Jock glanced at the object on his desktop. “As a matter of fact, Dr. Ruskin, I do.”

Chapter Thirty-two

“But smelling Martian roses will be only a pause, only a brief catching of breath, a moment of reflection, before we will again take up the journey, driving ever outward, farther and farther, learning, discovering, growing, expanding not only our borders but our minds…”

It had been almost three weeks since the United Nations contingent, including Jock, had returned home. Ponter and Adikor were working down in their quantum-computing facility, a thousand armspans below the surface, when the message came through: a courier envelope, passed along the Derkers tube by a Canadian Forces officer.

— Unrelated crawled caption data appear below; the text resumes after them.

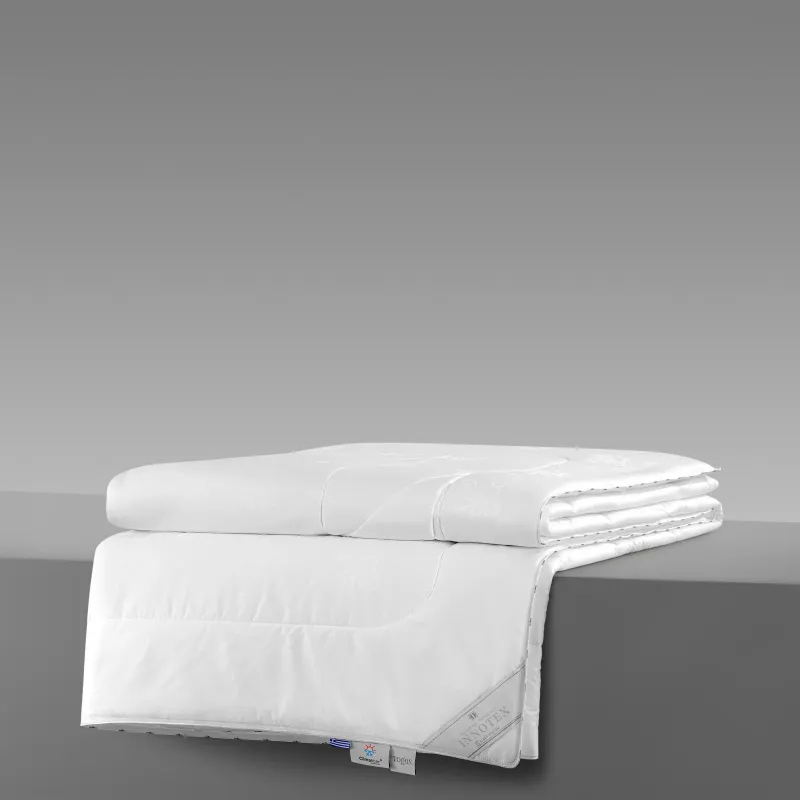 Одеяло Иннотекс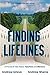 Finding Lifelines by Andrew Grieve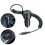 75W Fast Car Charger PD QC3.0 with Spring Wire 7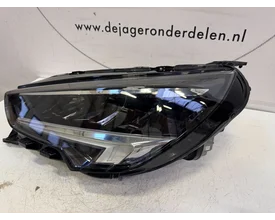 opel-corsa-f-vol-led-koplamp-links-39162653-2019 — foto 3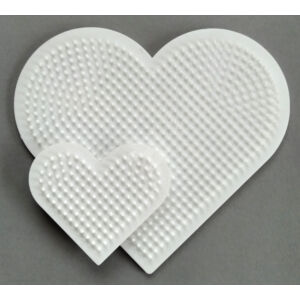 Kép 3/4 - Kirakólap, NAGY SZÍV 233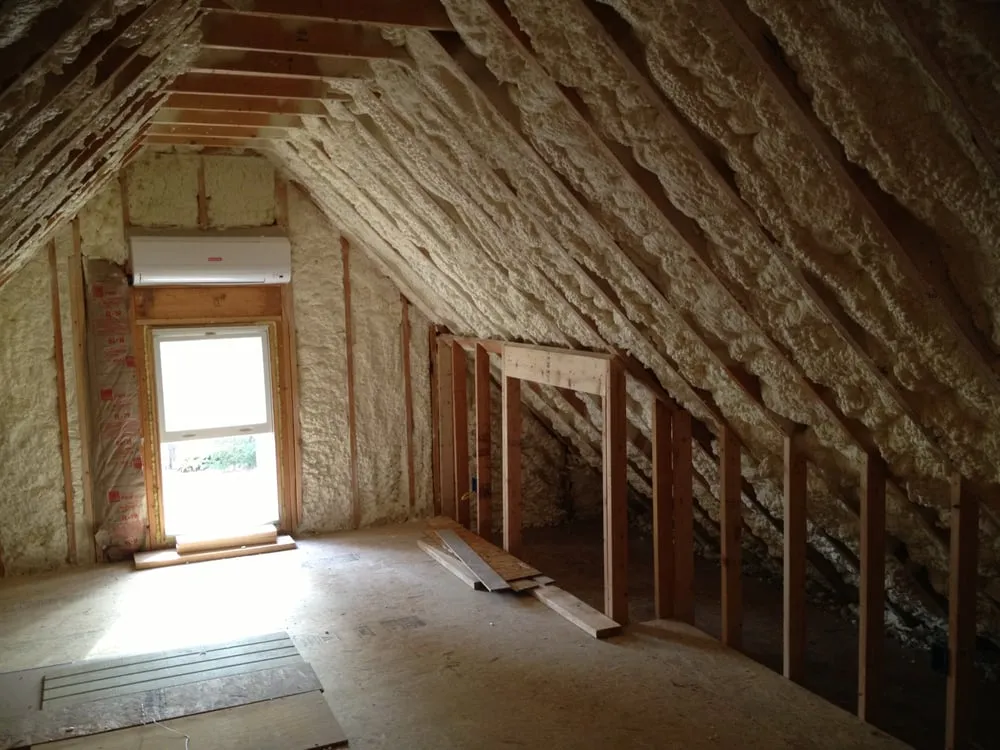 Slide of Heavenly Home Pros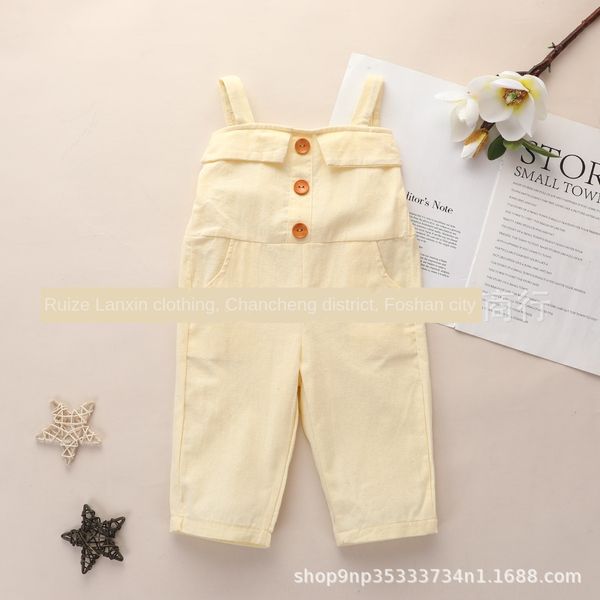 baby children's new solid color belt pocket trousers wind baby children's new solid color belt button button pocket trousers wind, Blue
baby children's new solid color belt pocket trousers wind baby children's new solid color belt button button pocket trousers wind, Blue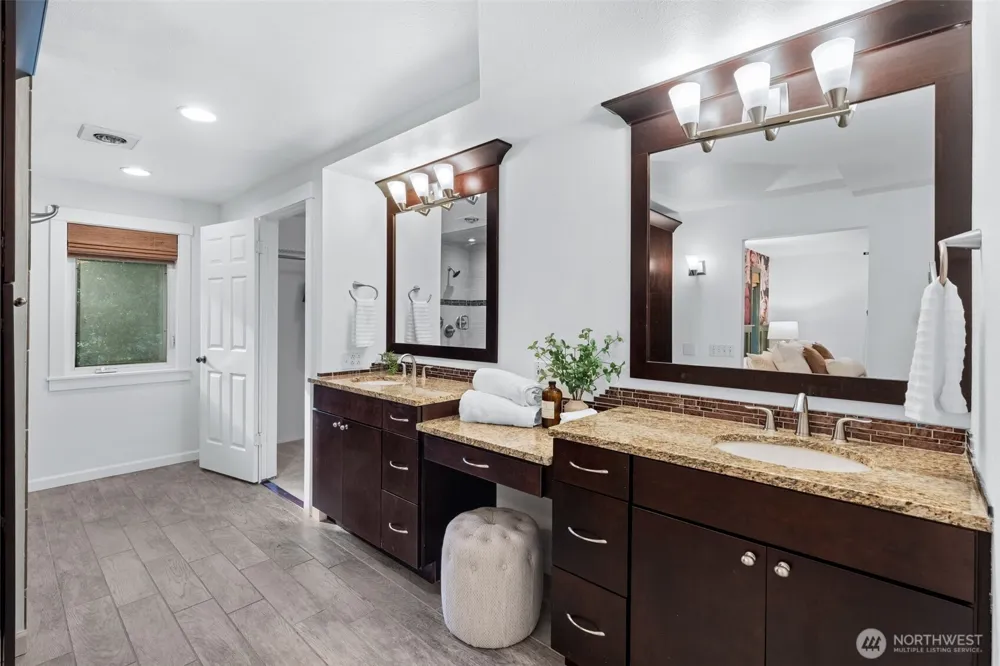 6106 51st Street NW Gig Harbor, WA 98335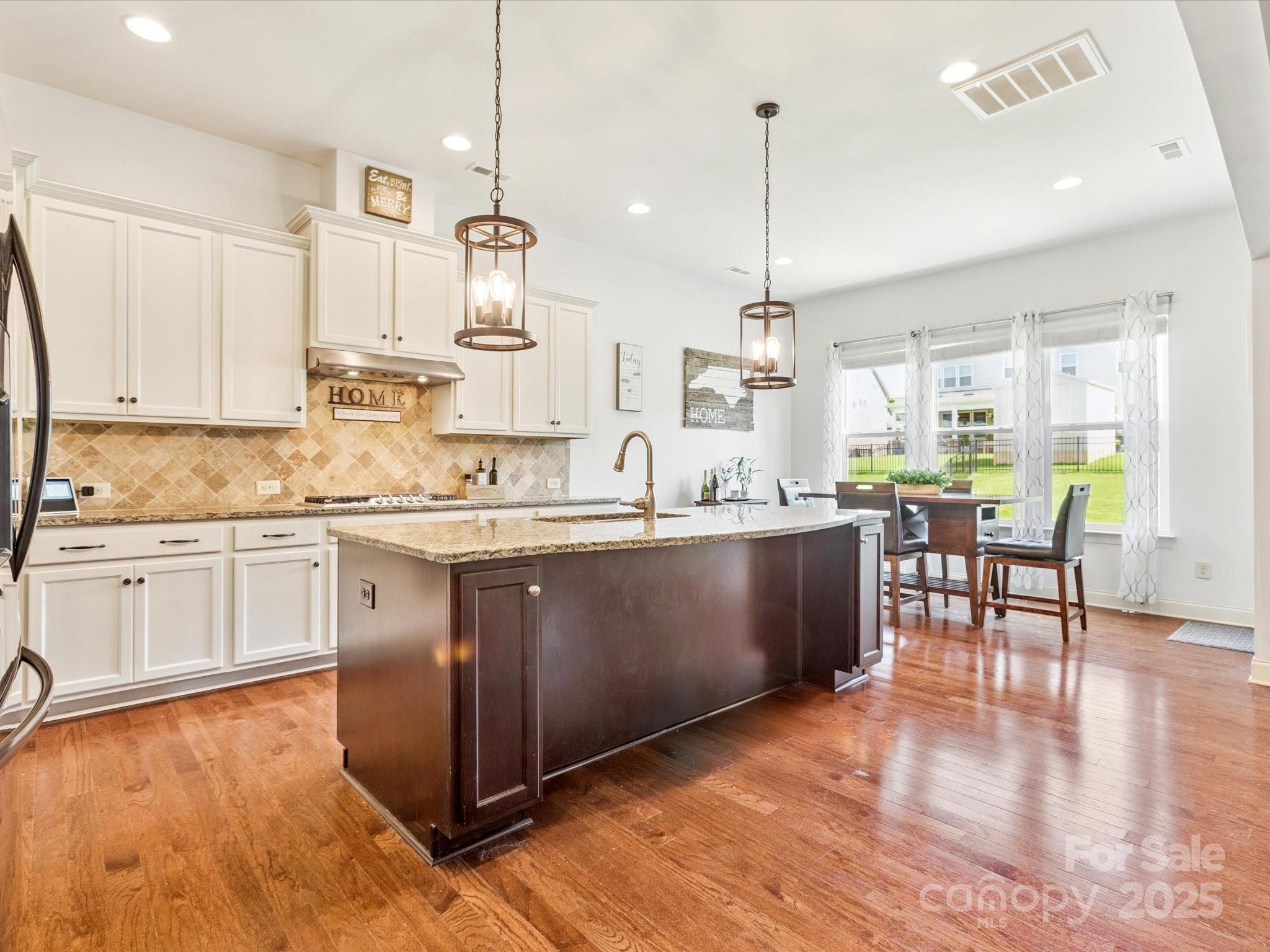 1009 Hampton Grove Road Waxhaw, NC 28173 - Photo 15 of 47 Gallery Image 15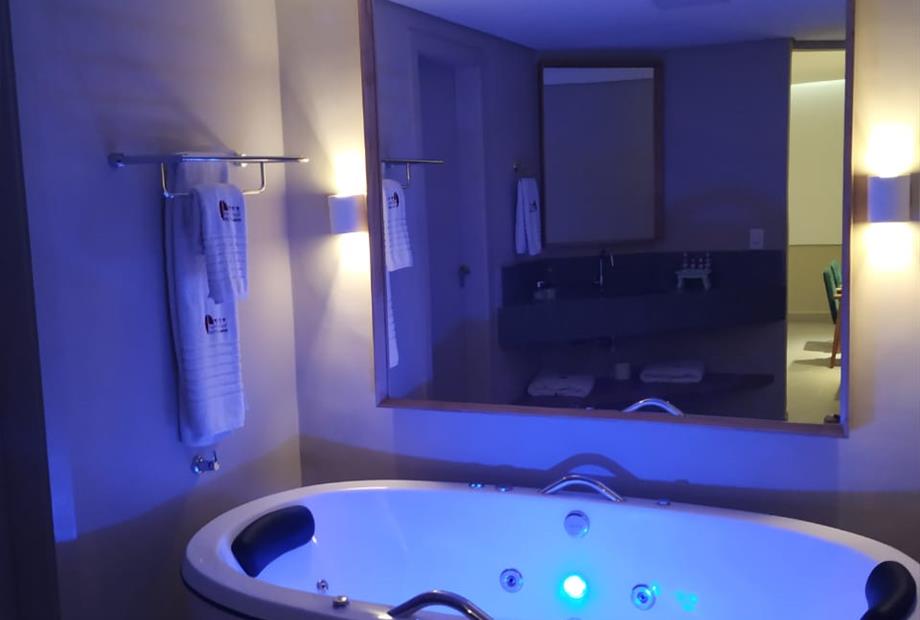 suite 03 - suite flor do café 3.jpg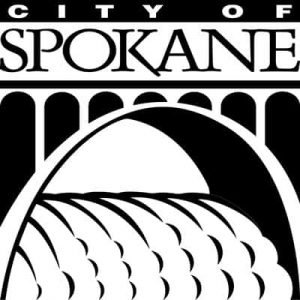 City of Spokane locksmith service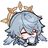 Ehe ohoho's avatar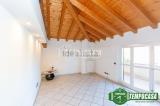 Appartamento, PANDINO, 140.000 €, 58,00 mq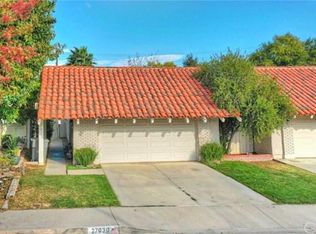 27030 Rio Prado Dr, Valencia, CA 91354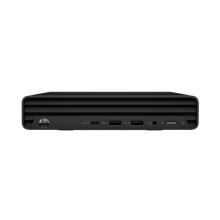 Hp Promını 260 G9 9H6G8Et İ5-1335U 16Gb 512Gb Ssd W11Pro 
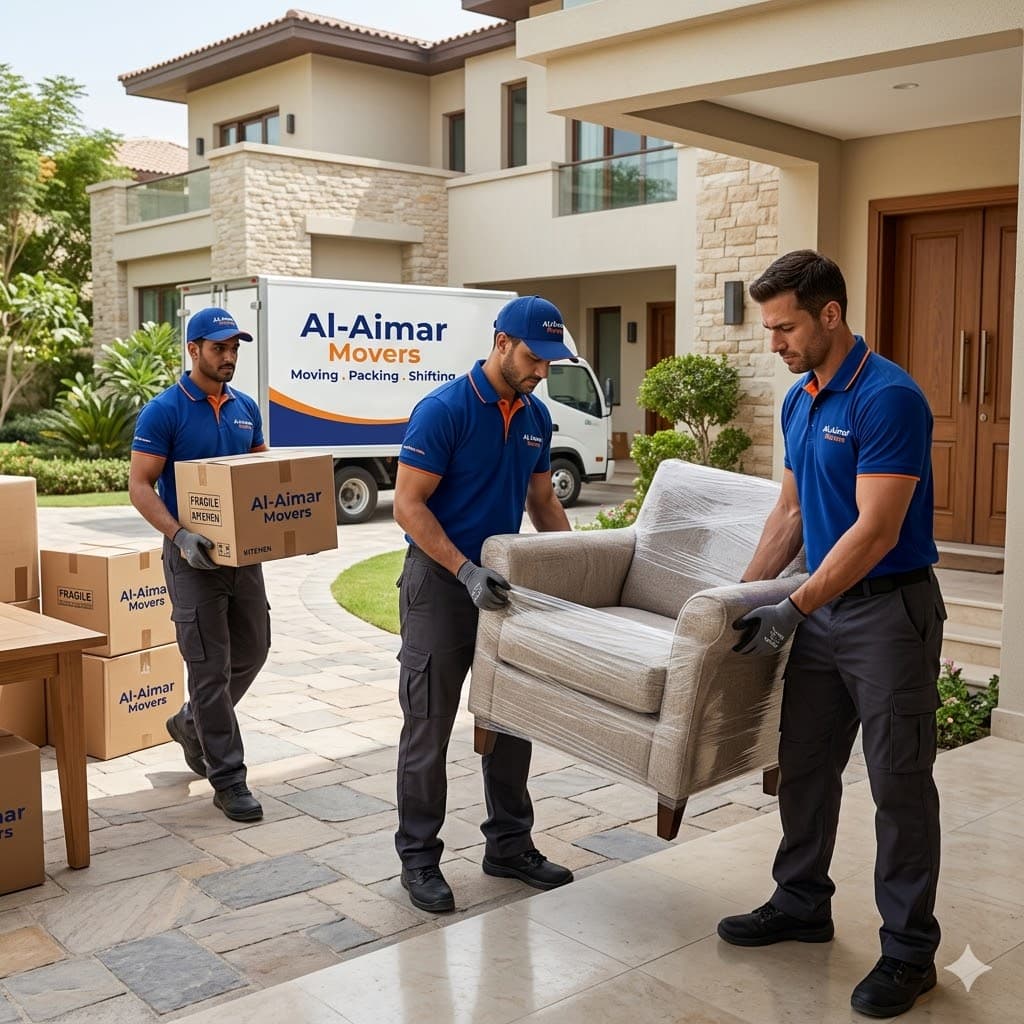 al aimar movers al aimar furnitures movers al aimar movers packers alaimar movers alaimar moving company al aimar movers packing al aimar movers in dubai al aimar movers in ajman al aimar movers in sharjah al aimar movers in umm al quwain al aimar movers in ras al khaimah al aimar movers in fujairah al aimar movers in dubai al aimar movers in uae al aimar furnitures installation al aimar office movers al aimar villa movers al aimar packing services al aimar storage services الايمار للنقل الاثاث شركة الايمار للنقل الاثاث شركة الايمار للنقل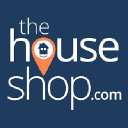 Thehouseshop.com logo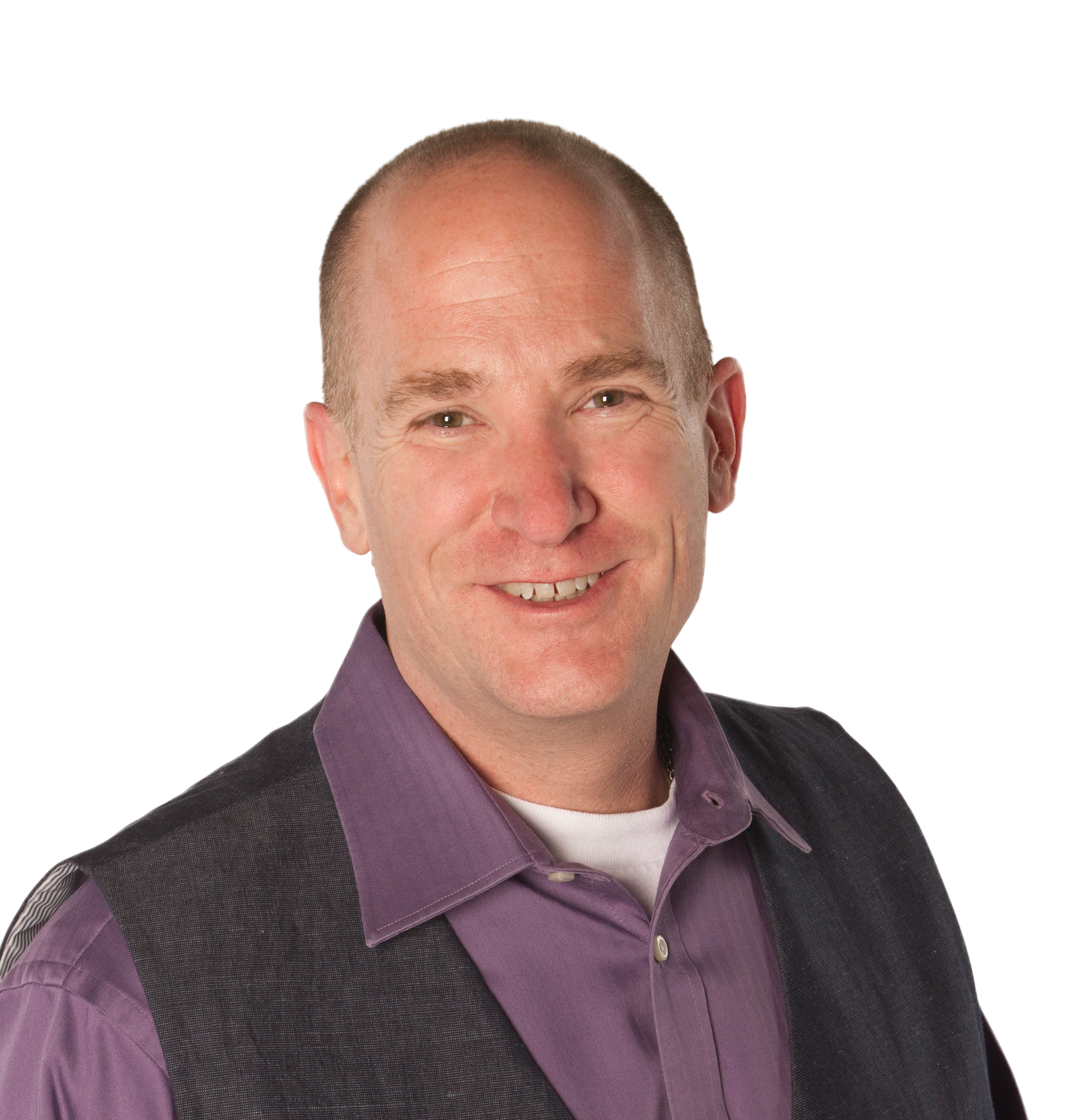 Nick Latondresse Calgary REALTOR® at Town Residential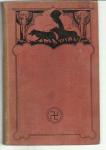 Kipling, Rudyard - Selected Stories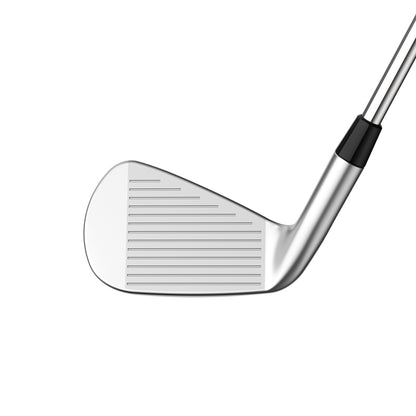 Callaway Apex Pro 6 stk. Stål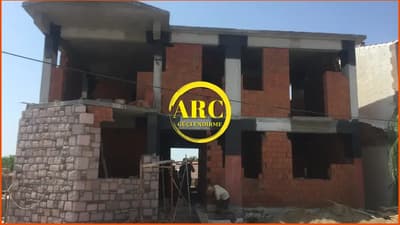 Güçlendirme Teknolojileri: Karbon Fiber Neden Tercih Edilmeli?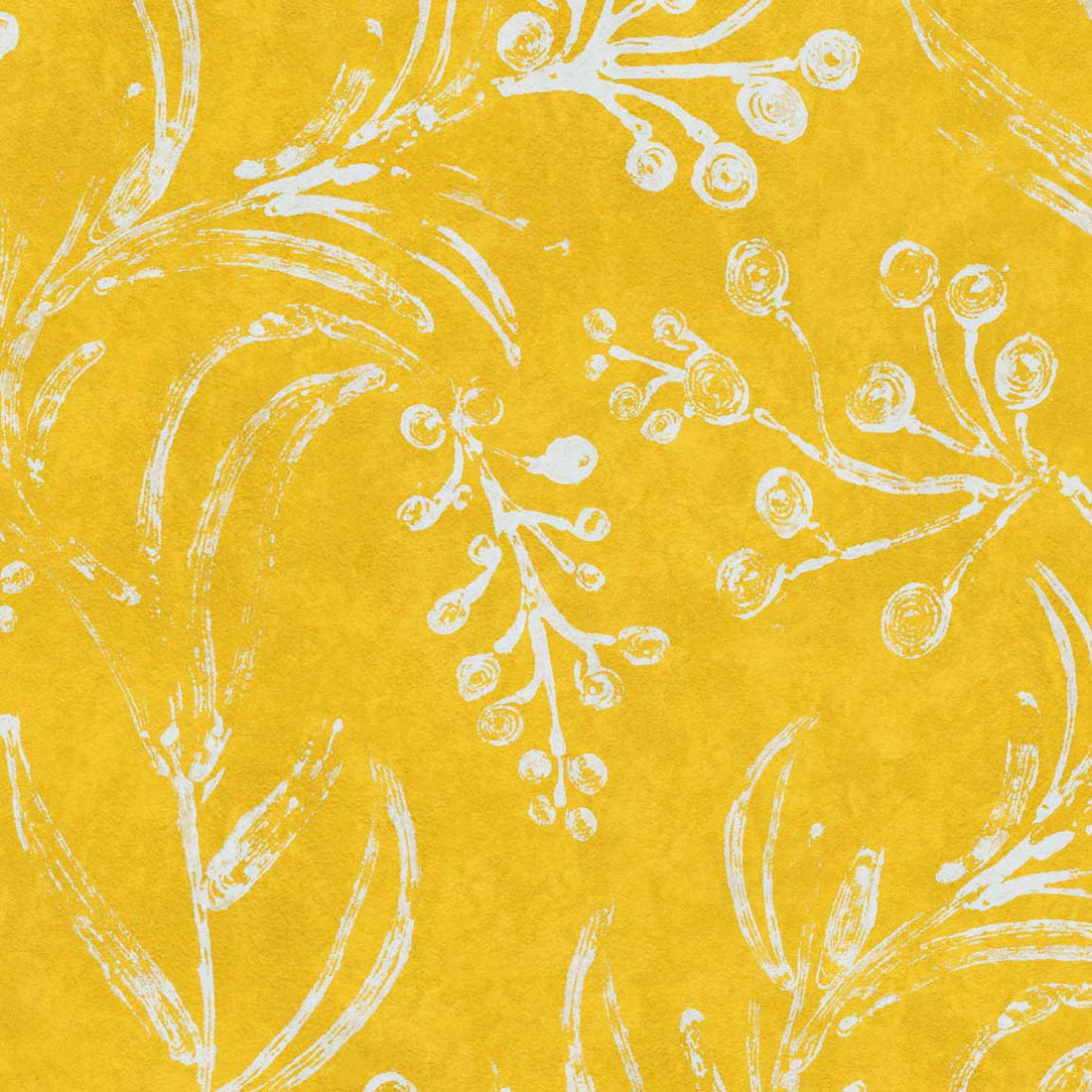 Mind the Gap behang Wallflower Sunny Wp20825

Ponter himself happened to open the package. The interior envelope bore the bisected-globe logo of the Synergy Group, and so Ponter at first assumed it was for Mare. But it wasn’t. To his astonishment, the inner envelope was addressed to him, in both English letters and Neanderthal glyphs.

Ponter opened the envelope, with his beloved Adikor looking over his shoulder. Inside was a memory bead. Ponter popped it into the player on his control console, and a three-dimensional image of Lonwis Trob appeared, his mechanical blue eyes shining from within. The image was about a third of life-size, and it floated a handspan above the console.

“Healthy day, Scholar Boddit,” said Lonwis. “I need you to return to the Synergy Group headquarters, here on the south side of Lake Jorlant—what the Gliksins still insist on calling Lake Ontario, despite me having corrected them repeatedly. As you know, I am working here with Dr. Benoît on quantum-computing issues, and I have a new idea about preventing decoherence even in surface-level systems, but I require your expertise in quantum computing. Bring your research partner, Scholar Adikor Huld; his expertise would be of considerable utility, too. Be here within three days.”